As one Kansas taxpayer said in an interview:
“It's not fair because if we don't file on time, we get charged, you know, more money for not filing. And if they do it, you know, who's going to make them responsible for it?”
Feigning said responsibility, Kansas Governor Kathleen has devised a “solution”—which will, as one might expect, only exacerbate the problem.
In a half-hearted attempt to address the issue and quell the justified public outrage brewing in her state, the Democrat governor put forth a proposal to borrow $225 million from ‘healthy state funds' to deal with the current budget woes. The borrowed money can be paid back later.
Like most Big Government undertakings, however, Governor Sebelius' plan is not what it seems. From the outside, it may appear to be a sensible solution that both gives back the income tax refund checks and allows state employees to get their paychecks in a timely manner.
In actuality, the Governor's plan will merely offer a temporary mirage of financial solvency, meanwhile exacerbating the state's long-term financial troubles and subsequently burying the taxpayer under even more government debt.
Governor Sebelius's political procrastination disguised as a “solution” will undoubtedly thrust more debt into Kansas' lap and result in a greater taxpayer burden come June 30th—when the budget year ends and all borrowed money must be paid back. Factoring in interest, taxpayers will get stuck paying off a greater debt than they otherwise would have had to pay.
Understanding this reality, Kansas Republicans—controlling majorities in both chambers of the legislature—blocked the Governor's proposal. In doing so, they added that they might reconsider Mrs. Sebelius' proposal if she were willing to cut the budget herself or sign into law the Republicans' proposed $326 million budget-balancing cuts
In response to the Kansas Republicans' refusal to go along with the $225 million borrowing plan, the Governor angrily retorted:
“Through their refusal to act today, the Republican legislative leadership is jeopardizing our citizens' pocketbooks for no other reason than to play political games—games in which the only ones set to lose are Kansas families, workers and schools”
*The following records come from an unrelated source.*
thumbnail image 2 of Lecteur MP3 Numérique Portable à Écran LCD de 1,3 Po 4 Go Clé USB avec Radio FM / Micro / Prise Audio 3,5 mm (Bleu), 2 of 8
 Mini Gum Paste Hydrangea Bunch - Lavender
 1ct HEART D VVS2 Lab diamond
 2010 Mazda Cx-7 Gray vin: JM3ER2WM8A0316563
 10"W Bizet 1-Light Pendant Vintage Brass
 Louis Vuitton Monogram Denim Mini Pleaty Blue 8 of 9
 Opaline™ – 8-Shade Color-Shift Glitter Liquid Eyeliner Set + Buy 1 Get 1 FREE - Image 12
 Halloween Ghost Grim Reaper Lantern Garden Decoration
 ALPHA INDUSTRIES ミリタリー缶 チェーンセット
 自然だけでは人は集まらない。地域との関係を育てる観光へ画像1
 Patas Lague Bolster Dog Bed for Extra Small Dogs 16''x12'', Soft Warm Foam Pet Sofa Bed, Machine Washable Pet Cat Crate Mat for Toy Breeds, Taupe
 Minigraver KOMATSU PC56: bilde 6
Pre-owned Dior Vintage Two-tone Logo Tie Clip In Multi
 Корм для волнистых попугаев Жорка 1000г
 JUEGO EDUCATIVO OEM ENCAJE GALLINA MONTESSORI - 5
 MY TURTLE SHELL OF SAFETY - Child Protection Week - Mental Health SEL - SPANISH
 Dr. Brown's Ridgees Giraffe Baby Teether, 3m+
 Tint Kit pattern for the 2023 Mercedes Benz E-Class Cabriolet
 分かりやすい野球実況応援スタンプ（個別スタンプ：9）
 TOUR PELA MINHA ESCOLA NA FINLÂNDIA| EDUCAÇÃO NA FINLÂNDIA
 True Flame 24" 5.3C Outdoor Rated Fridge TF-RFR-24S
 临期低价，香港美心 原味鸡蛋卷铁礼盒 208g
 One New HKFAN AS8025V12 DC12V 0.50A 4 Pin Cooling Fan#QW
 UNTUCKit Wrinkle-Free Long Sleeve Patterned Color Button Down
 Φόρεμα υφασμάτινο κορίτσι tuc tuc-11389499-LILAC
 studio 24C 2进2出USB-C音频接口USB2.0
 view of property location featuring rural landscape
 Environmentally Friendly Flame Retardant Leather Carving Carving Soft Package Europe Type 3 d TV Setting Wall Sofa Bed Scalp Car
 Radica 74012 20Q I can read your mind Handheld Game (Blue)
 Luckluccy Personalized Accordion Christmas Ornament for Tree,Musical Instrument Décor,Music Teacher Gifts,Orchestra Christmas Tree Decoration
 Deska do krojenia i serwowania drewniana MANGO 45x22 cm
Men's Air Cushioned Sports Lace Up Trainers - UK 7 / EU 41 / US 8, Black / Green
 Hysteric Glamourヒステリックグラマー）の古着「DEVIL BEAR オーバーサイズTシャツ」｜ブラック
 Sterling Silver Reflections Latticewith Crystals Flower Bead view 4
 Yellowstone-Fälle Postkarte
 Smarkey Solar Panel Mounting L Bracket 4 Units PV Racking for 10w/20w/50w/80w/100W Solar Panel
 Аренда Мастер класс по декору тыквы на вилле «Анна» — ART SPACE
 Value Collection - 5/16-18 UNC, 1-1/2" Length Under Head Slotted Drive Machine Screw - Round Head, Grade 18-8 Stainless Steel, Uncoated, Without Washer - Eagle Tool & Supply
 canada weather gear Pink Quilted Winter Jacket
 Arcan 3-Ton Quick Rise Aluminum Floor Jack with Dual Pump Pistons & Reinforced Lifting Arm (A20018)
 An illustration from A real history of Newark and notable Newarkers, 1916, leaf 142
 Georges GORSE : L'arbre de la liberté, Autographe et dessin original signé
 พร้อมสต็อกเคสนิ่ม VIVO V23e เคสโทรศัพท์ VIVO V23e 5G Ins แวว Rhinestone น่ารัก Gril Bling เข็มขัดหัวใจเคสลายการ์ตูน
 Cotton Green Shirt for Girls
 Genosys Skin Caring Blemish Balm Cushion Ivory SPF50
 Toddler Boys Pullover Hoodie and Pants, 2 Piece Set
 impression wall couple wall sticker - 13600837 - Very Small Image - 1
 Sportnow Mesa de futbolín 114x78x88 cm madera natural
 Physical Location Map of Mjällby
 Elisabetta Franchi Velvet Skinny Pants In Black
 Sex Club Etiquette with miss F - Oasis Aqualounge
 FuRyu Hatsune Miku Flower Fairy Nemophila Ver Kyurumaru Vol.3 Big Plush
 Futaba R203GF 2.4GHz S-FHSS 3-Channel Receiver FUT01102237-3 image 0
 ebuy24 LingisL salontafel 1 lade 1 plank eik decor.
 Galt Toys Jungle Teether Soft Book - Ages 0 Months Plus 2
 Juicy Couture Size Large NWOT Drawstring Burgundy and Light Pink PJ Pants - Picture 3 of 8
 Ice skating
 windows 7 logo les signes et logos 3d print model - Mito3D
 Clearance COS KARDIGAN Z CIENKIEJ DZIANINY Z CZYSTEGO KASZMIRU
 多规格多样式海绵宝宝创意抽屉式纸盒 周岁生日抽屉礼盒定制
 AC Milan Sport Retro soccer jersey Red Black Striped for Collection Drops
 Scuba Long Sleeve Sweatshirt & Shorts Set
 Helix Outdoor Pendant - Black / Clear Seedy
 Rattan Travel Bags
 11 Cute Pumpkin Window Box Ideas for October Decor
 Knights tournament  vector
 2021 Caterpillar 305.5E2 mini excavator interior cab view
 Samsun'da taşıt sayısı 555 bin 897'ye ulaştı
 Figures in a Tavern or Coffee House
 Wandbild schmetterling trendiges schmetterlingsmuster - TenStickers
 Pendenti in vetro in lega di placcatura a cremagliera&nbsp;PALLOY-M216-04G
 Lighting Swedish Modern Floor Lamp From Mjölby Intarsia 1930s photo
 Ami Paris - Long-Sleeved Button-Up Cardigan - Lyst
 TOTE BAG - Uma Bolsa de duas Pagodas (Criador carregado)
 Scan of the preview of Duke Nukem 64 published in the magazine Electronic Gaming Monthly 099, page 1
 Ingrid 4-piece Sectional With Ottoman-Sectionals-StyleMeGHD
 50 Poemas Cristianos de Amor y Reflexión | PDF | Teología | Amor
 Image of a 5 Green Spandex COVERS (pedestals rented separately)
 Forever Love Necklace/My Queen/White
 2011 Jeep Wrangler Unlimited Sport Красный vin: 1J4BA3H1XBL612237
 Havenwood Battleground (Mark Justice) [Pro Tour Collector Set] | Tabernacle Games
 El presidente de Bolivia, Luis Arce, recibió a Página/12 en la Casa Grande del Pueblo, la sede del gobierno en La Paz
Notice that Mrs. Sebelius accepts no responsibility for having “jeopardized our citizens' pocketbooks” in the first place by spending tens of millions of dollars more than she knew was in the bank. Instead, in a desperate attempt to control the narrative, she feebly tries to paint the Republicans as the villains in this story. The truth, of course, is that the Republicans are the only ones displaying an iota of common sense in this dire circumstance.
It is in times like these when state governments must bite the bullet, hold their noses, and cut the budget. To the quick. When government fails in its fiduciary responsibility and outspends itself, taxpayers should not be punished—nor should they be duped by political trickery like Governor Sebelius' $225 million intra-state shell game.
Kansas Republicans are on the right track. The state ought to give its residents their duly deserved tax refund checks—on time—and simultaneously hack away at the budget.
They could even start with laying off the Governor.